Task description — Extract all data as written.

Provided records —
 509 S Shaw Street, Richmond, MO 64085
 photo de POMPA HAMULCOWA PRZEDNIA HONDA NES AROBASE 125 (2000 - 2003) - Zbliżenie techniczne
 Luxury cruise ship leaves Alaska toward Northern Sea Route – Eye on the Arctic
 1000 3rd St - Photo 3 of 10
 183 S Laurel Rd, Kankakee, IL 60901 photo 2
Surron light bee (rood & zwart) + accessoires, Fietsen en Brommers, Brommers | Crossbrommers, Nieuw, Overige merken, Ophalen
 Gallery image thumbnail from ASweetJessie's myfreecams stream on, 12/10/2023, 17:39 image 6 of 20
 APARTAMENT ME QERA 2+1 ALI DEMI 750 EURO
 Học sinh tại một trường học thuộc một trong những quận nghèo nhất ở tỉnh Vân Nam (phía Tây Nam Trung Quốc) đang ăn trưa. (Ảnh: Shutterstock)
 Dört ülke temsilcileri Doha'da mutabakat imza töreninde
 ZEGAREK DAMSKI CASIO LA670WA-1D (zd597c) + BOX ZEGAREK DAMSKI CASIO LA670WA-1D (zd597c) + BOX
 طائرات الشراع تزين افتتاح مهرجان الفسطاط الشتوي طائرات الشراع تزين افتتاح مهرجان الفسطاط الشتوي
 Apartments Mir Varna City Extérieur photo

Response box —
 509 S Shaw Street, Richmond, MO 64085
 photo de POMPA HAMULCOWA PRZEDNIA HONDA NES AROBASE 125 (2000 - 2003) - Zbliżenie techniczne
 Luxury cruise ship leaves Alaska toward Northern Sea Route – Eye on the Arctic
 1000 3rd St - Photo 3 of 10
 183 S Laurel Rd, Kankakee, IL 60901 photo 2
Surron light bee (rood & zwart) + accessoires, Fietsen en Brommers, Brommers | Crossbrommers, Nieuw, Overige merken, Ophalen
 Gallery image thumbnail from ASweetJessie's myfreecams stream on, 12/10/2023, 17:39 image 6 of 20
 APARTAMENT ME QERA 2+1 ALI DEMI 750 EURO
 Học sinh tại một trường học thuộc một trong những quận nghèo nhất ở tỉnh Vân Nam (phía Tây Nam Trung Quốc) đang ăn trưa. (Ảnh: Shutterstock)
 Dört ülke temsilcileri Doha'da mutabakat imza töreninde
 ZEGAREK DAMSKI CASIO LA670WA-1D (zd597c) + BOX ZEGAREK DAMSKI CASIO LA670WA-1D (zd597c) + BOX
 طائرات الشراع تزين افتتاح مهرجان الفسطاط الشتوي طائرات الشراع تزين افتتاح مهرجان الفسطاط الشتوي
 Apartments Mir Varna City Extérieur photo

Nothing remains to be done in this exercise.